In this article, we will see the memory layout of different C++ Object. And how different storage & access specifiers affect this memory footprint. I am not going to discuss compiler augmented code, name mangling & working of any C++ mechanism related to memory as it is compiler & architecture-dependent. To keep this further simple, I have considered the standard stack growth direction i.e. downwards.

/!\: Originally published @ www.vishalchovatiya.com.

So, in nutshell, it's just all about "How different objects are laid out in memory?"

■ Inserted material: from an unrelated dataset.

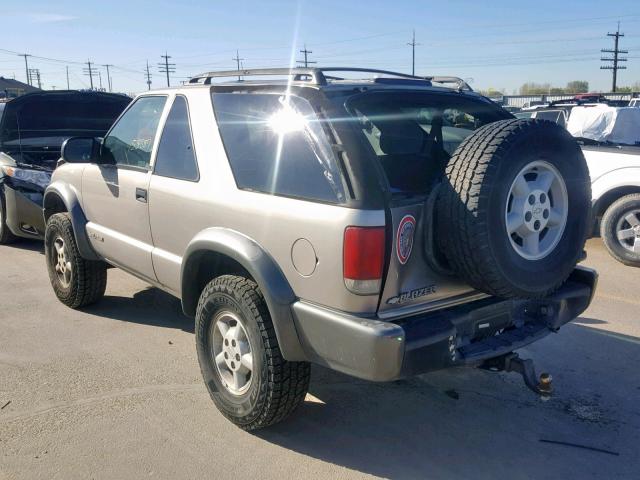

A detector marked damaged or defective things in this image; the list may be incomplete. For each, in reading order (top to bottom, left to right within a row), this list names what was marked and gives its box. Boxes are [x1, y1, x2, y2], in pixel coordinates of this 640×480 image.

Memory Layout of Simple & Non-Polymorphic Object in C++

class X {
    int     x;
    float   xx;

public:
    X() {}
    ~X() {}

    void printInt() {}
    void printFloat() {}
};

Memory layout:

      |                        |          
      |------------------------| <------ X class object memory layout
      |        int X::x        |
      |------------------------|  stack segment
      |       float X::xx      |       |   
      |------------------------|       |
      |                        |      \|/
      |                        |    
      |                        |
------|------------------------|----------------
      |         X::X()         | 
      |------------------------|       |   
      |        X::~X()         |       |
      |------------------------|      \|/
      |      X::printInt()     |  text segment
      |------------------------|
      |     X::printFloat()    |
      |------------------------|
      |                        |

In conclusion of the above example, only data members got the space in the stack. That too as the same order of their declarations. Because this is guaranteed by most of the compilers, apparently.
In addition, all other methods, constructor, destructor & compiler augmented code goes into the text segment. These methods are then called & passed this pointer implicitly of calling object in its 1st argument which we have already discussed in Inside The C++ Object Model.

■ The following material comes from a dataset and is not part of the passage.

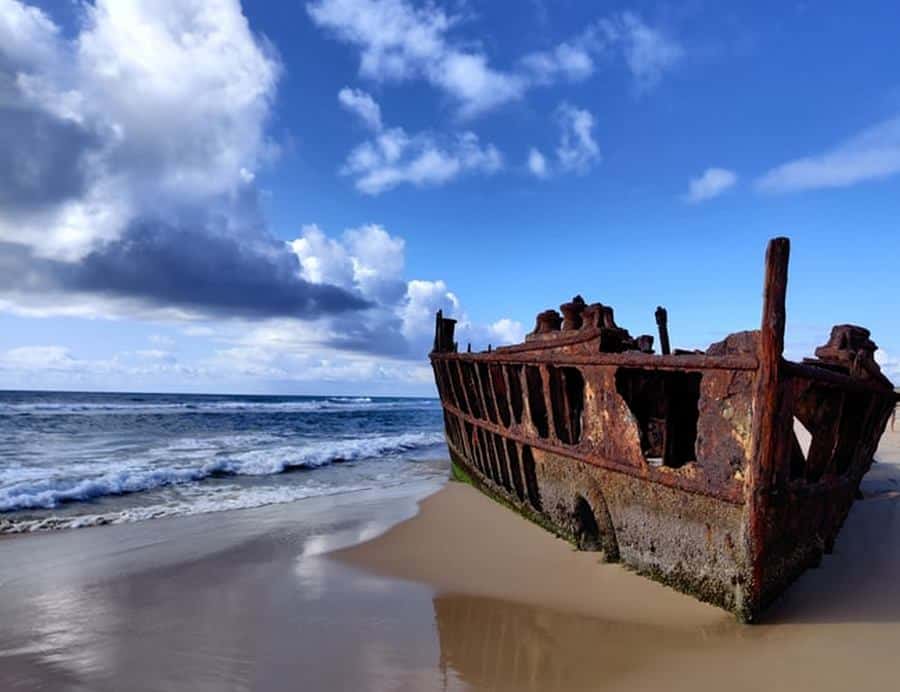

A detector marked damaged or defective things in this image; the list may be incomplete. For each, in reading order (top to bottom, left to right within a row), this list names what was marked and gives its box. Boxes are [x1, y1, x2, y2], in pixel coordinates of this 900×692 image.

rusty shipwreck [428, 238, 900, 620]
broken superstructure [428, 238, 900, 620]
corroded metal hull [432, 239, 896, 620]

Layout of an Object With Virtual Function & Static Data Member

class X {
    int         x;
    float       xx;
    static int  count;

public:
    X() {}
    virtual ~X() {}

    virtual void printAll() {}
    void printInt() {}
    void printFloat() {}
    static void printCount() {}
};

Memory layout:

      |                        |          
      |------------------------| <------ X class object memory layout
      |        int X::x        |
stack |------------------------|
  |   |       float X::xx      |                      
  |   |------------------------|      |-------|--------------------------|
  |   |         X::_vptr       |------|       |       type_info X        |
 \|/  |------------------------|              |--------------------------|
      |           o            |              |    address of X::~X()    |
      |           o            |              |--------------------------|
      |           o            |              | address of X::printAll() |
      |                        |              |--------------------------|
      |                        |
------|------------------------|------------
      |  static int X::count   |      /|\
      |------------------------|       |
      |           o            |  data segment           
      |           o            |       |
      |                        |      \|/
-----------|------------------------|------------
      |        X::X()          | 
      |------------------------|       |   
      |        X::~X()         |       |
      |------------------------|       | 
      |      X::printAll()     |      \|/ 
      |------------------------|  text segment
      |      X::printInt()     |
      |------------------------|
      |     X::printFloat()    |
      |------------------------|
      | static X::printCount() |
      |------------------------|
      |                        |

As you can see above, all non-static data members got the space into the stack with the same order of their declaration which we have already seen in the previous example.
And static data member got the space into the data segment of memory. Which access with scope resolution operator(i.e. ::). But after compilation, there is nothing like scope & namespace. Because, its just name mangling performed by the compiler, everything referred by its absolute or relative address. You can read more about name mangling in C++ here.
Moreover, static methods go into the text segment and called with the scope resolution operator. Except for this pointer which is not passed in its argument.
For virtual keyword, the compiler automatically inserts pointer(_vptr) to a virtual table into the object memory representation. So it transforms direct function calling in an indirect call(i.e. dynamic dispatch which I have discussed in How Does Virtual Function Works Internally?). Usually, virtual table created statically per class in the data segment, but it also depends on compiler implementation.
In a virtual table, 1st entry points to a type_info object which contains information related to current class & DAG(Directed Acyclic Graph) of other base classes if it is derived from them.
I have not mentioned the data type of _vptr because the standard does not mention(even I don't know that).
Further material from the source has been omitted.